→ **Task goal**
From the first line of the data below through the line holding "Celestial Sun & Moon Face and Sky Brooch", output each line exactly and leave the pictures out.

→ **Provided data**
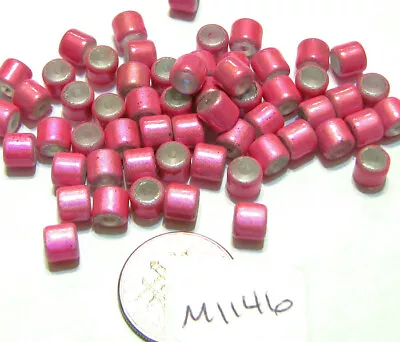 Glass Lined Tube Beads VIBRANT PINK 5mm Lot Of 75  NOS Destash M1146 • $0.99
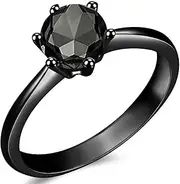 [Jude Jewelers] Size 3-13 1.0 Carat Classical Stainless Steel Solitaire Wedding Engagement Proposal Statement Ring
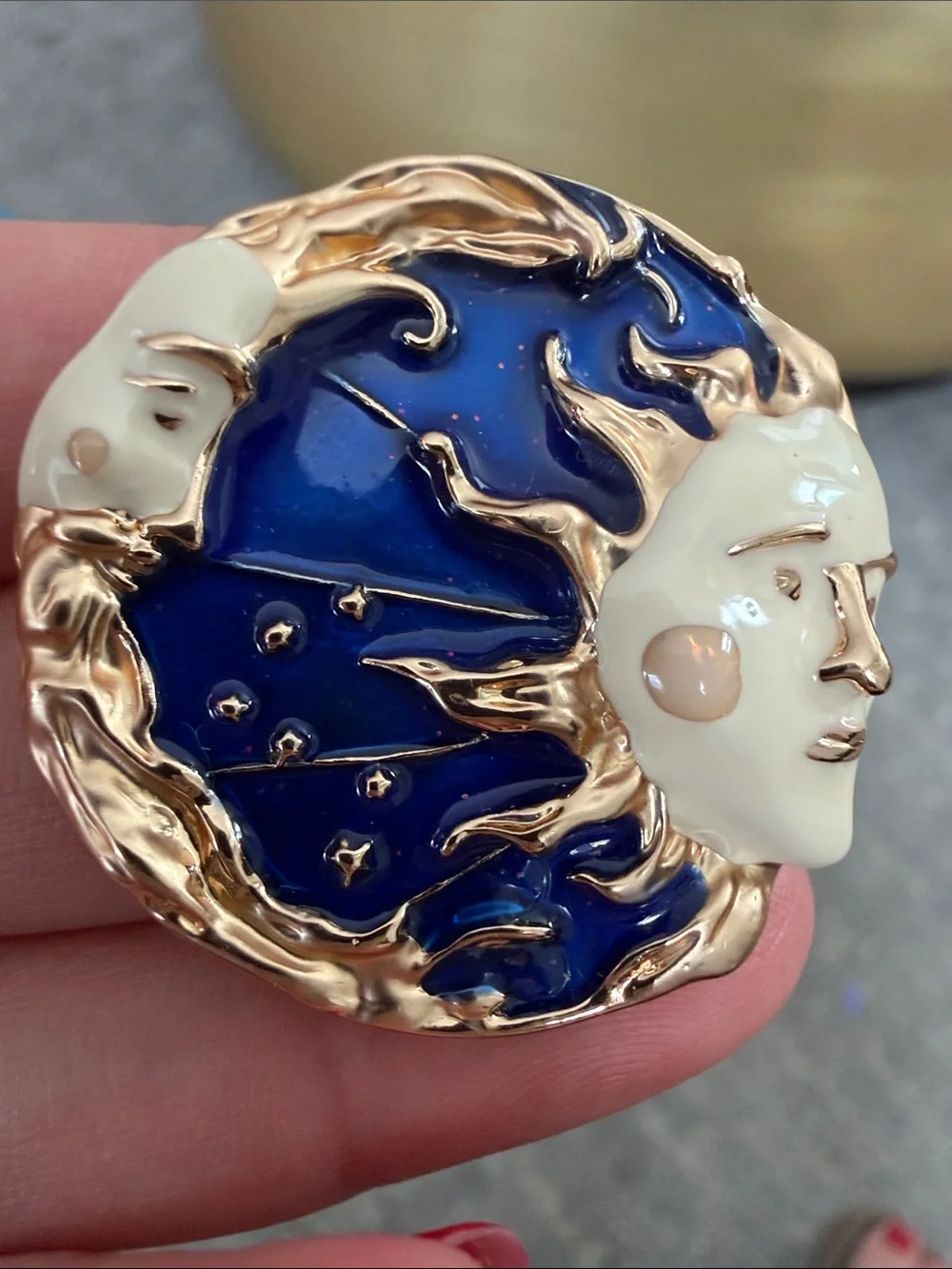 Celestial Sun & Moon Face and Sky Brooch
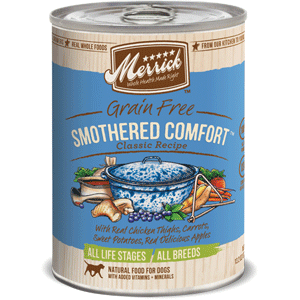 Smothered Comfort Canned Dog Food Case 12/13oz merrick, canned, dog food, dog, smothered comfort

→ **Task response**
 Glass Lined Tube Beads VIBRANT PINK 5mm Lot Of 75  NOS Destash M1146 • $0.99
 [Jude Jewelers] Size 3-13 1.0 Carat Classical Stainless Steel Solitaire Wedding Engagement Proposal Statement Ring
 Celestial Sun & Moon Face and Sky Brooch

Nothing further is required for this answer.